GPFS daemon went down
There are a number of conditions that can cause the GPFS daemon to exit.
These are all conditions where the GPFS internal checking has determined that continued operation would be dangerous to the consistency of your data. Some of these conditions are errors within GPFS processing but most represent a failure of the surrounding environment.
In most cases, the daemon exits and restarts after recovery. If it is not safe to simply force the unmounted file systems to recover, the GPFS daemon exits.

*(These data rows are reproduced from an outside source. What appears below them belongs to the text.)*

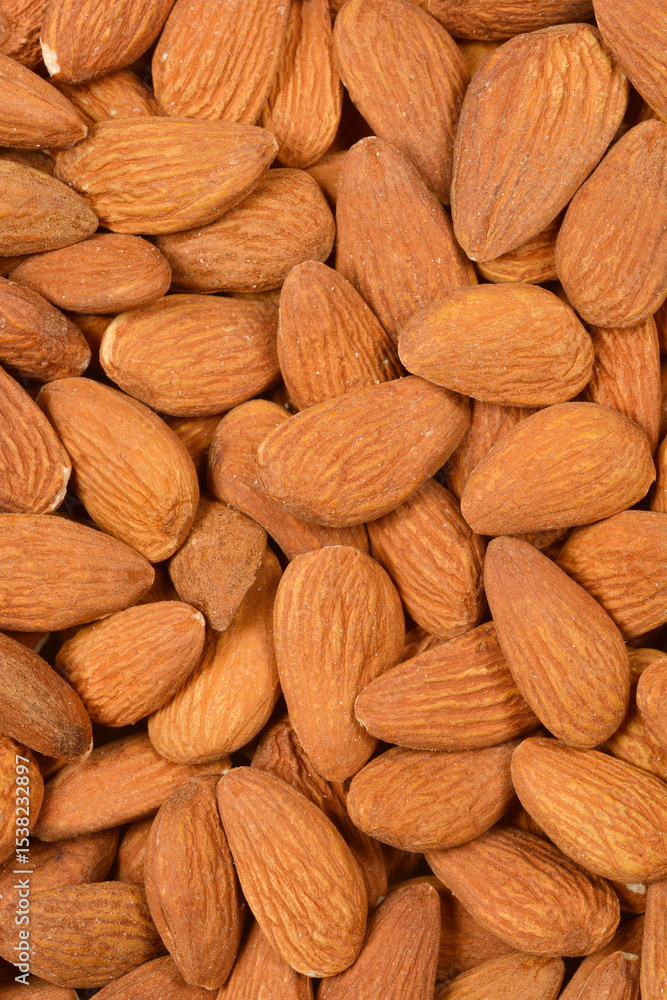 A close-up, top-down shot of a pile of raw almonds, showcasing their natural texture and color. A close-up, top-down shot of a pile of raw almonds, showcasing their natural texture and color.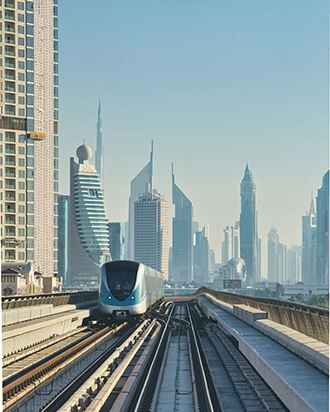 Modern train approaching on elevated tracks with Dubai skyscrapers, including Burj Khalifa, in the background under clear sky.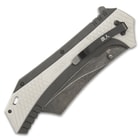The monster assisted opening pocket knife is a whopping 7”, when closed, and 12”, when fully open, and it has a pocket clip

- Applications running at the time of the failure, see either ENODEV or
ESTALE errors. The ENODEV errors are generated by the operating system
until the daemon has restarted. The ESTALE error is generated by GPFS as soon as it restarts.

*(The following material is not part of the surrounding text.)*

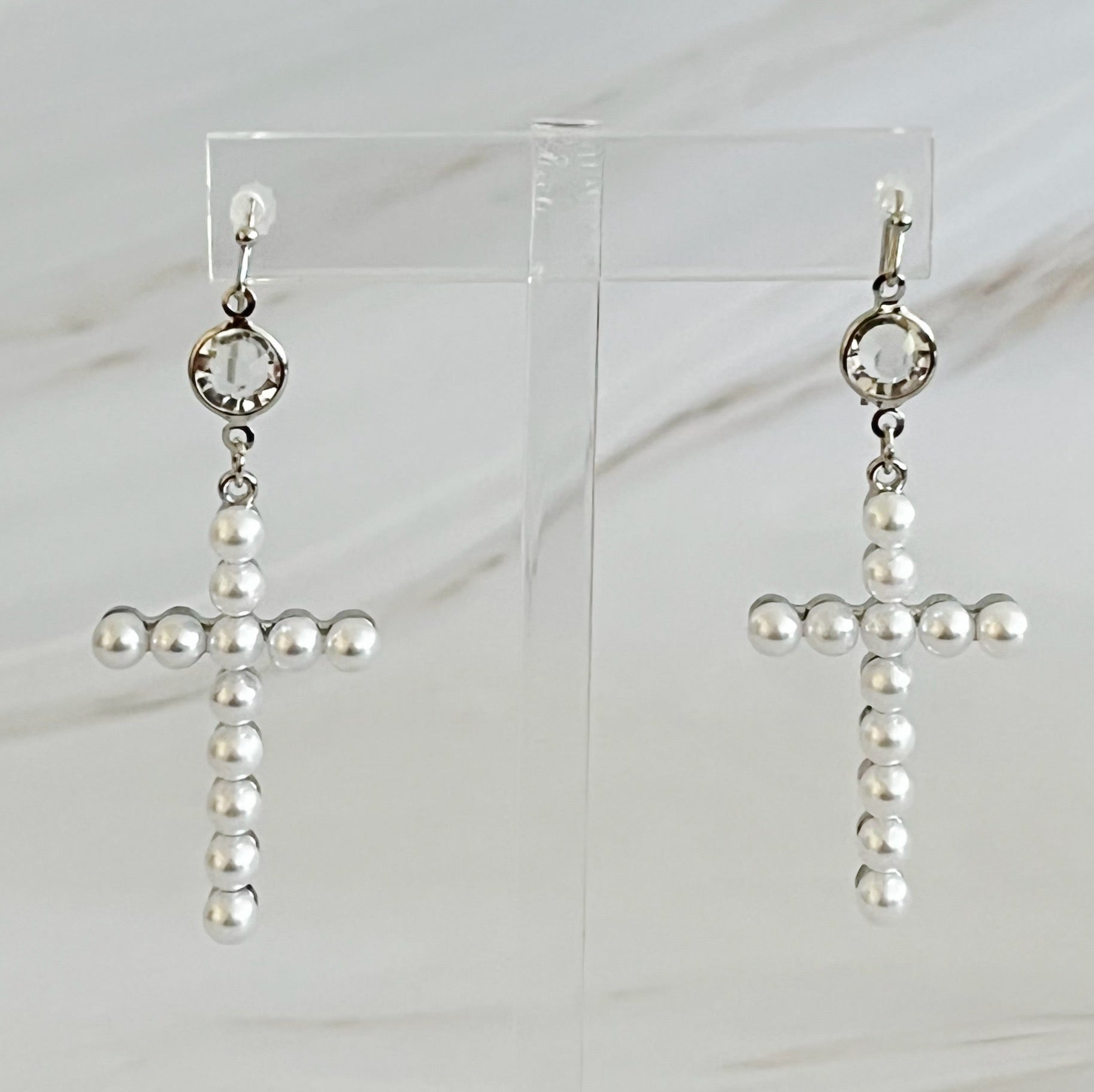 Elegant Pearl Cross Dangle Earrings featuring pearl accents and a unique cross design, perfect for any occasion.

When quorum is lost, applications with open files receive an ESTALE error return code until the files are closed and reopened. New file open operations fail until quorum is restored and the file system is remounted. Applications accessing these files prior to GPFS return may receive a ENODEV return code from the operating system.
- The GPFS log contains the
message:
- 6027-650 [X]
- The mmfs daemon is shutting down abnormally.

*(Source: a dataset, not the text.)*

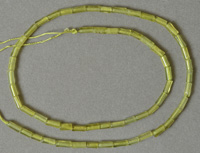Small yellow jade tube beads on strand.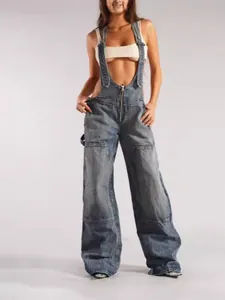 Fashionable distressed denim overalls featuring a front zipper and wide leg loose fit design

Most GPFS daemon down error messages are in the mmfs.log.previous log for the instance that failed. If the daemon restarted, it generates a new mmfs.log.latest. Begin problem determination for these errors by examining the operating system error log.
If an existing quorum is lost, GPFS stops all processing within the cluster to protect the integrity of your data. GPFS attempts to rebuild a quorum of nodes and remounts the file system if automatic mounts are specified.
- Open
requests are rejected with no such file or no
such directory errors.
When quorum has been lost, requests are rejected until the node has rejoined a valid quorum and mounted its file systems. If messages indicate lack of quorum, follow the procedures in GPFS daemon does not come up.
- Removing
the
setuid
bit from the permission bits of any of the following IBM Storage Scale commands can produce errors for non-root users:- mmdf
- mmgetacl
- mmlsdisk
- mmlsfs
- mmlsmgr
- mmlspolicy
- mmlsquota
- mmlssnapshot
- mmputacl
- mmsnapdir
- mmsnaplatest
The GPFS system-level versions of these commands (prefixed by ts) may need to be checked for how permissions are set if non-root users see the following message:- 6027-1209
- GPFS is down on this node.
If thesetuid
bit is removed from the permission bits of any of the following system-level commands, non-root users cannot execute the command and to non-root users the node appears to be down:- tsdf
- tslsdisk
- tslsfs
- tslsmgr
- tslspolicy
- tslsquota
- tslssnapshot
- tssnapdir
- tssnaplatest
These are found in the /usr/lpp/mmfs/bin directory.
Note: The mode bits for all listed commands are 4555 or -r-sr-xr-x. To restore the default (shipped) permission, enter:chmod 4555 tscommand
Attention: Only administration-level versions of GPFS commands (prefixed by mm) should be executed. Executing system-level commands (prefixed by ts) directly produces unexpected results. - For all other errors, follow the procedures in Additional information to collect for GPFS daemon crashes, and then contact the IBM® Support Center.